Autonomous maritime vessel surveillance systems have enormous implications to national defense and global supply chain. Therefore, ship detection and classification problems have been widely studied for a long time. Most of the studies have used satellite imagery, the real-time satellite imaging access is not public and image resolutions is insufficient for high-quality classification and recognition systems. As an alternative approach, consumer-level surveillance cameras have attracted great attention recently due to its cost-effectiveness and easy installation process. Recently, deep learning has become the state-of-the-art method in computer vision field. Deep network architectures have emerged by surpassing human-level accuracy on image classification problems. Many old but powerful ideas have been revised and applied to these networks in various computer vision problems. However, the applications of deep learning methods in the analysis of maritime vessel images are limited in the literature.

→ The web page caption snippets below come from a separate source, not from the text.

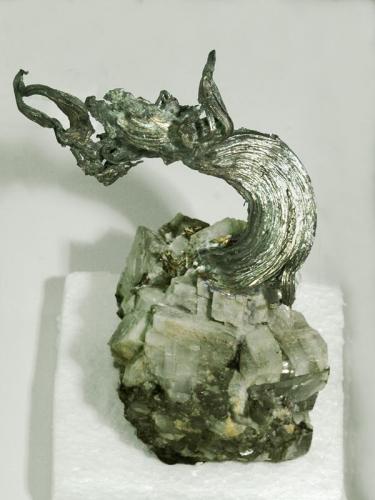 Kongsberg Mines (Norway), a worldwide classic for Silver mineral specimens. Its legendary fame comes not only from the thick wire Silver “trees” but the fact that if properly protected from light they do not blacken. This gorgeous specimen is a perfect example: 14 cm. (5½ inches) of native Silver tree. (Author: Joan Rosell)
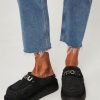 Women Mou Ballet Flats And Loafers | Bounce, Suede Logo Loafers Black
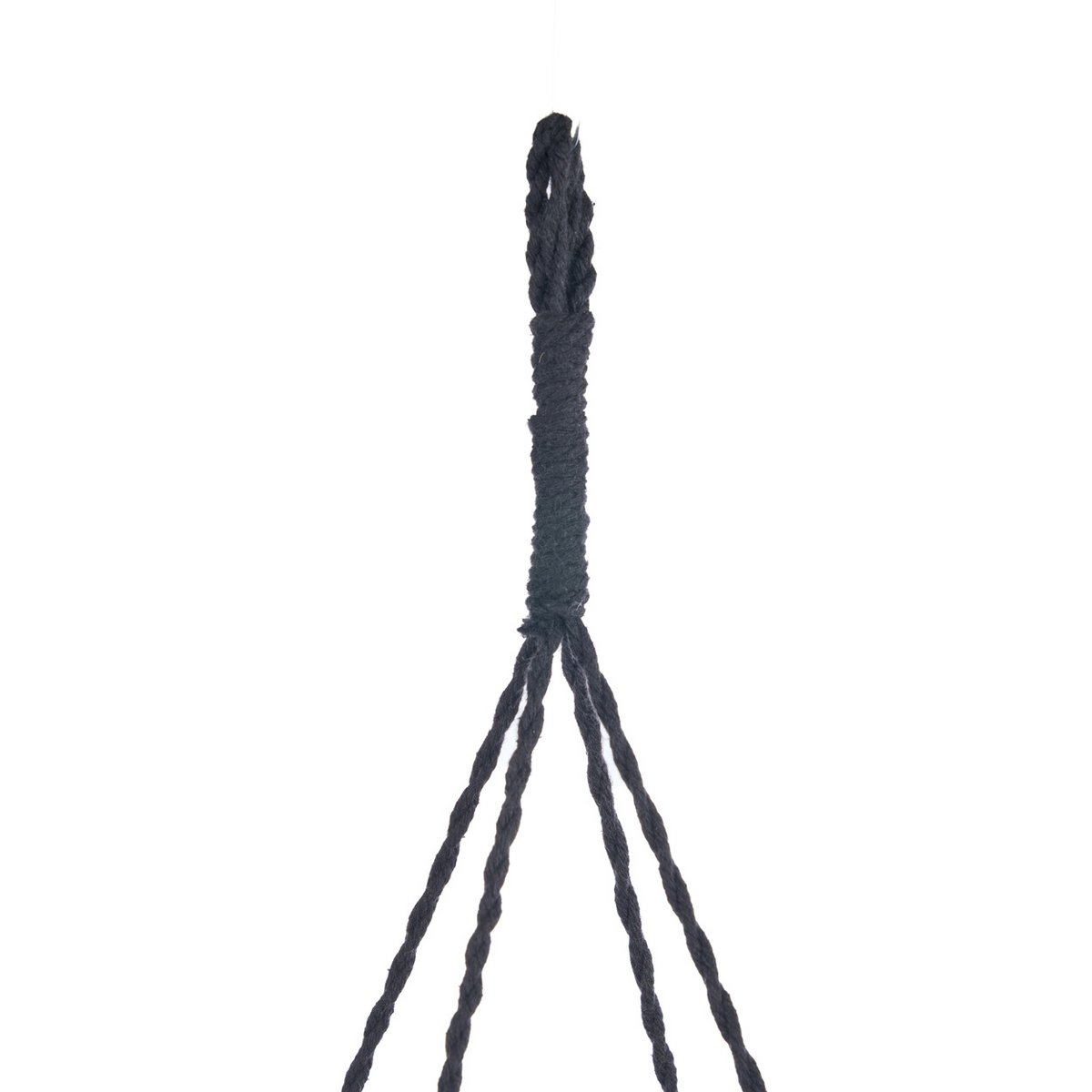 Nomad cotton chandelier, XL – black cascading strands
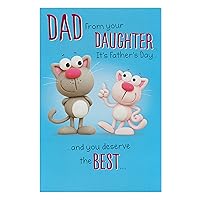 Father's Day Card for Dad From Your Daughter With Envelope - Funny Cat Design
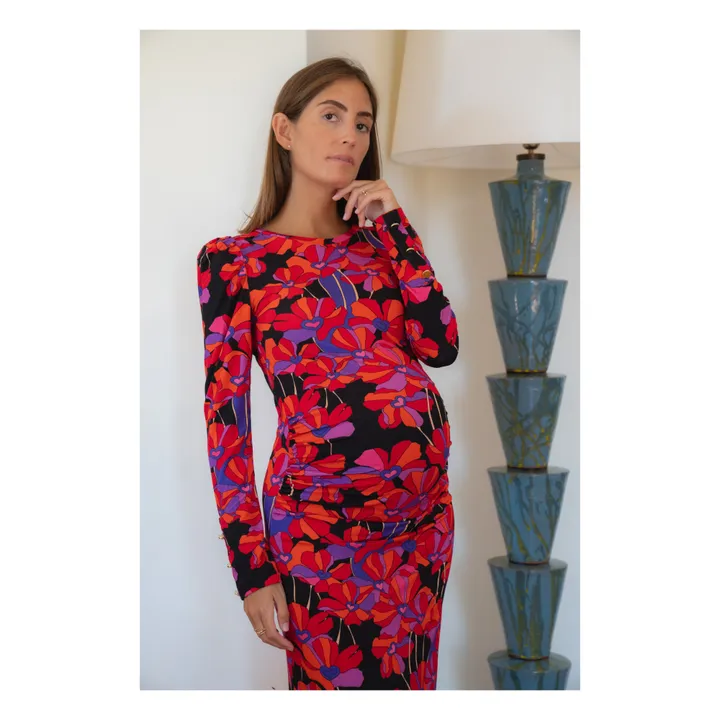 Robe de Grossesse Thelma Flower Power | Rouge- Image produit n°2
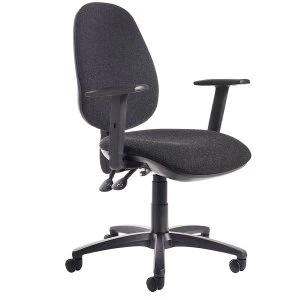 Image of Dams Jota High Back Operator Chair with Adjustable Arms - Charcoal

In this thesis, we employ the state-of-the-art deep network architectures for maritime vessel classification, verification and recognition problems. In the experiments, the most popular three convolutional neural network architectures; AlexNet, VGGNet and ResNet are used. MARVEL dataset is utilized for benchmark purposes, which contains 2M ship images. Since these networks are very difficult to train and they require lots of training samples, we follow transfer learning approach. The main contribution of this thesis is the implementation, tuning and evaluation of specific applications for maritime vessels domain. For classification task, we conduct experiments on different transfer learning techniques and we investigate their performance by transferring the weights layer by layer. We reach the state-of-the-art results by fine-tuning VGG-16 architecture. For both verification and recognition tasks, we use triplet loss heavily inspired by recent advances in the field of face verification and recognition. We achieve closely comparable state-of-the-art results on MARVEL’s both verification and recognition benchmarks.